Esse último aspecto precisa ser amplamente destacado. Afinal, é feita uma intensa propaganda, rasa e distorcida, no sentido de que os desajustes nas contas públicas resultam de gastanças irresponsáveis. Usando uma comparação inadequada com as finanças domésticas, busca-se o convencimento popular pela via simplista de que os gastos não podem superar as receitas. O pior dessa campanha de enganação midiática é justamente o fato de que nos últimos 14 (quatorze) anos somente nos dois mais recentes houve deficit primário (por retração nas receitas).
Simplesmente não existe (existiu) um descontrole monumental nas contas públicas decorrente de despesas excessivas e irresponsáveis com remunerações, aposentadorias, benefícios assistenciais e programas sociais (a quase totalidade dos gastos primários). Essa é a realidade deturpada pelo discurso oficial (governo, grande mídia e economistas do “mercado”). O ápice do apocalipse artificialmente construído está bem retratado nas palavras do deputado Darcísio Perondi, relator da PEC na Câmara dos Deputados. Afirmou o parlamentar: “Caso nada seja feito [aprovação da PEC 241/2016], o Dia do Juízo Fiscal chegará e atingirá a todos” (veja a íntegra).
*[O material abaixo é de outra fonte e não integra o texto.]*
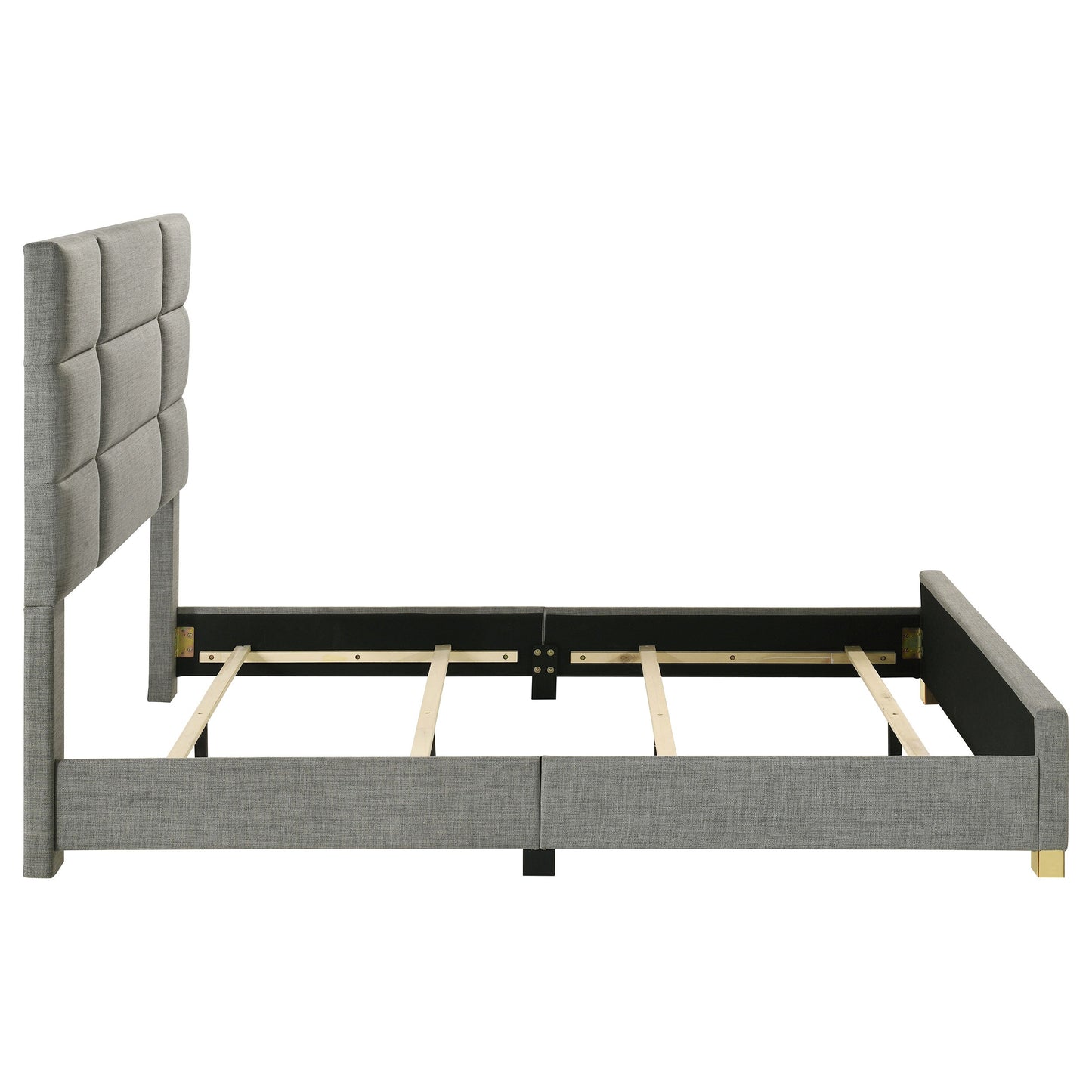 Lit queen-size rembourré en tissu Ines de 52 pouces, gris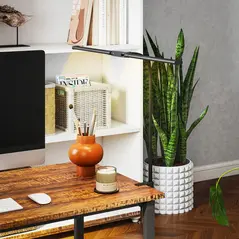 HOMCOM LED Desk Lamp with Clamp, Double Head Table Lamp with 3 Colour Modes & 10 Brightness Levels, Flexible Gooseneck Reading Desk Light with Timer and Memory Function for Study, Office, Work, Black - 7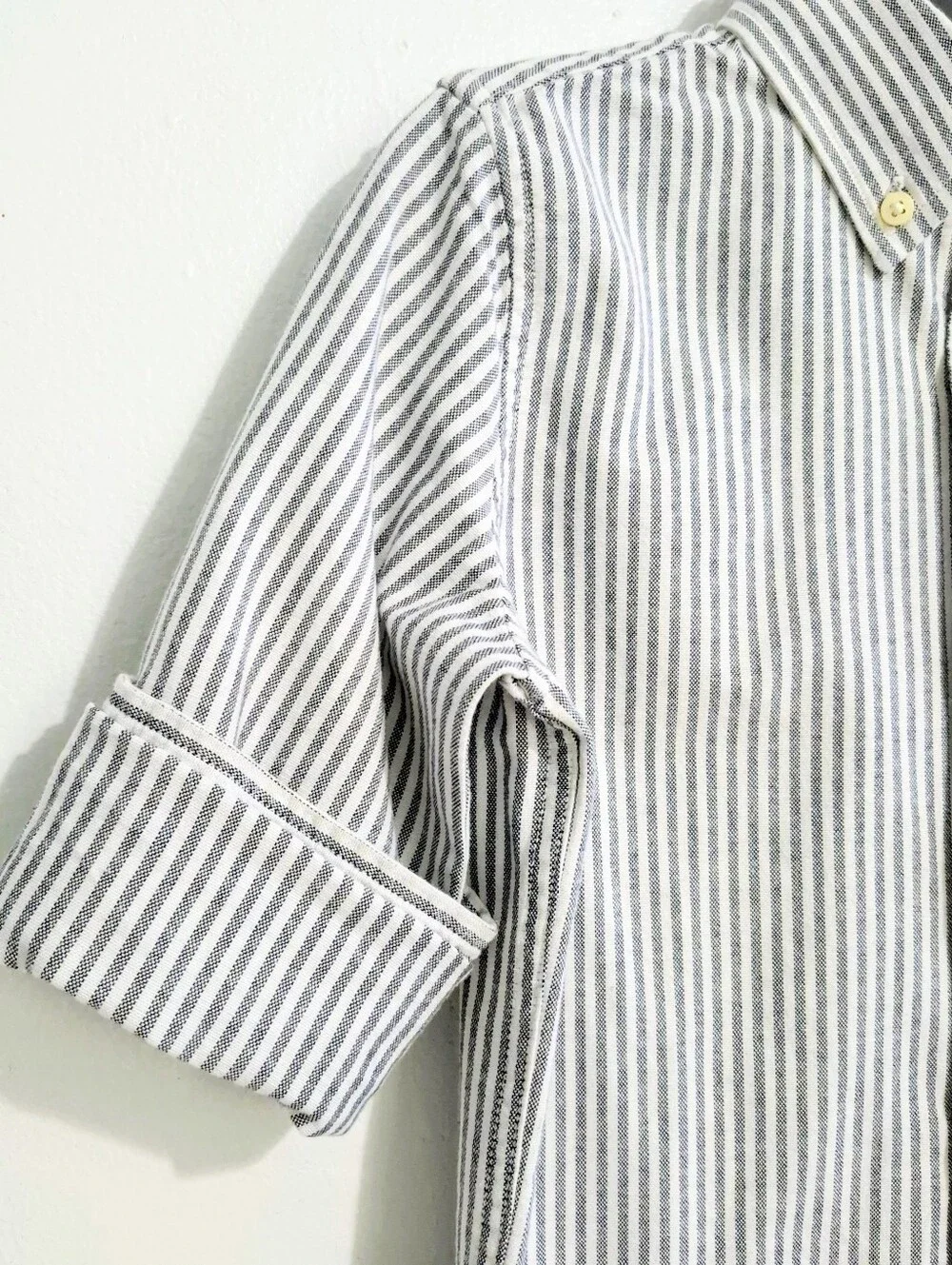GAP Kids Boys Striped Button Down Oxford Shirt Size S (6-7) Blue White Cotton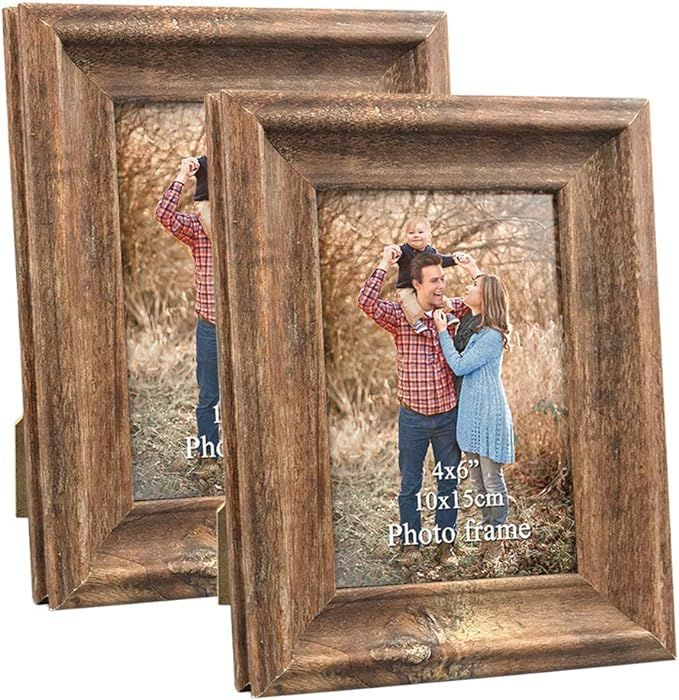 ZBEIVAN 2 Pack 4x6 Picture Frames Set Vintage Brown Art Rustic Photo Frame for Tabletop Stand or ... | Amazon (US)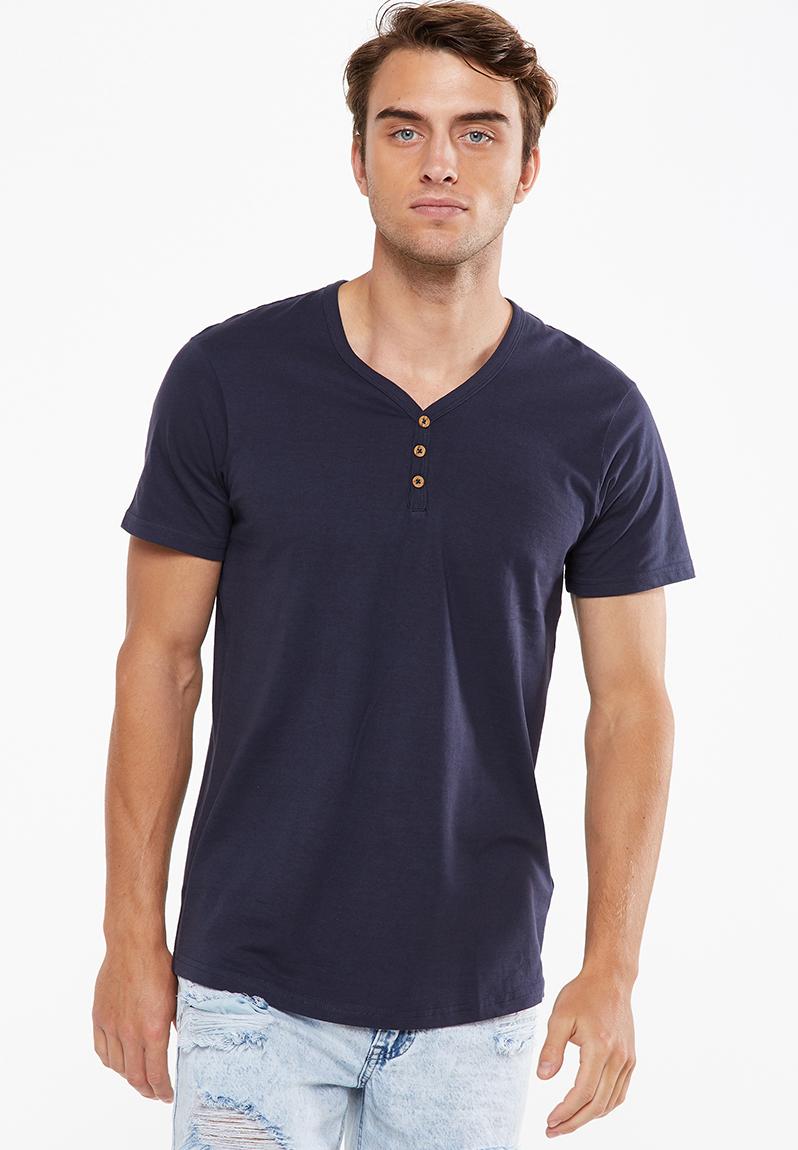 Essential short sleeve henley - navy Cotton On T-Shirts & Vests ...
Transformada em norma constitucional, a PEC 241/2016 (n. 55/2016 no Senado Federal) significará um sofisticado e duradouro expediente de ajuste ou arrocho fiscal seletivo. Por essa via, as despesas (sociais) do Estado voltadas para melhorar as condições de vida da maioria da população serão estranguladas. Por outro lado, o mercado financeiro, especialmente o pagamento do serviço da dívida pública, permanecerá intocado e livre de qualquer contenção mais significativa.